But what shocked America last week was the discovery that MacDill is also at the hub of a social whirl that has not only ended the career of the country's top spy, but also fuelled concerns about the behaviour and judgment of the nation's military commanders. The US defence secretary has now announced a review of misconduct by high-ranking military personnel.

MacDill is quite unlike your average military base. Here, senior officers live in large waterfront homes with sweeping views of Tampa Bay, set back from palm tree-lined avenues. For respite from the rigours of command, there is a beach, an on-site diving school, jet-ski rentals and a golf course - all the trappings of a tropical resort, indeed.

It is off the base, however, amid the plantation-style mansions of Tampa's wealthiest enclave, that high-ranking officers are courted as celebrities. Members of the armed forces are venerated across America, but here, the top brass are not so much placed on pedestals as feted on thrones.

The saga that has brought down David Petraeus, one of the most senior US generals and, until his resignation earlier this month, director of the CIA, resembles a cross between the plotlines for Homeland and Desperate Housewives.

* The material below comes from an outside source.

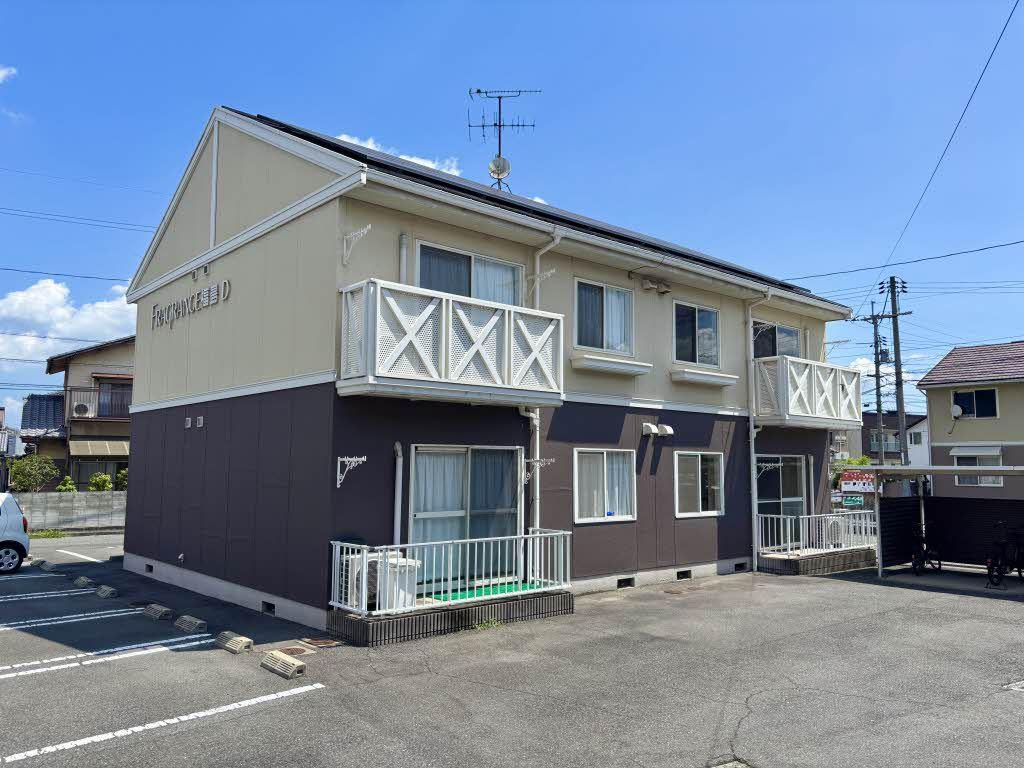 フレグランス福島D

At the centre is Jill Kelley, a local socialite, albeit one on the brink of bankruptcy, who has an equally glamorous twin sister, Natalie. Her Tampa social circle includes not only Gen Petraeus and his wife, but Gen John Allen, Petraeus's successor in Afghanistan, and Frederick Humphries - aka "Agent Shirtless" (thanks to a jokey topless picture he sent to Kelley) - the FBI operative who initiated the investigation that brought down Petraeus.

Kelley had alerted Humphries to a string of anonymous, and reportedly threatening, emails, warning her to stay away from Petraeus. Humphries duly set in motion an FBI cyber-stalking investigation.

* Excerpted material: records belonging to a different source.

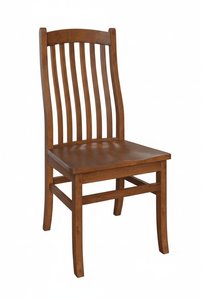 Kenosha Arts and Crafts Mission Dining Side Chair- Quick Ship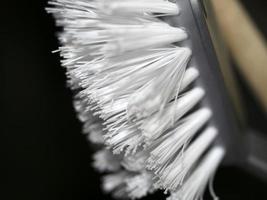 dish cleaner brush detail photo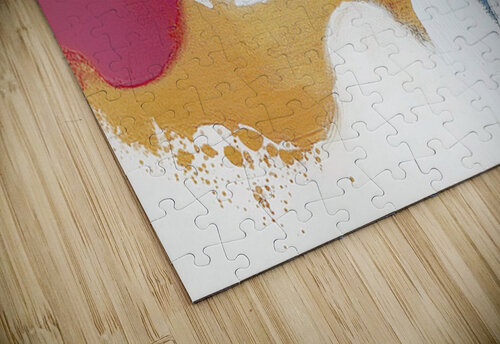 MODERN NEUTRAL 5 PRESTIGE ABSTRACTS puzzle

It then emerged that the emails came from Paula Broadwell, Petraeus's biographer, 20 years his junior, with whom he had been having an affair. This revelation led to Petraeus's resignation as CIA chief, while Broadwell faces an ethical review of her doctoral dissertation at King's College, London, on Petraeus - for sleeping with the subject of her research.

But this stranger-than-fiction tale doesn't end there. Kelley in turn exchanged emails - described as "simply flirtatious" by some who have seen them, and tantamount to "phone sex" by others - with Gen Allen. His nomination as Nato supreme commander was put on hold last week pending a Pentagon investigation.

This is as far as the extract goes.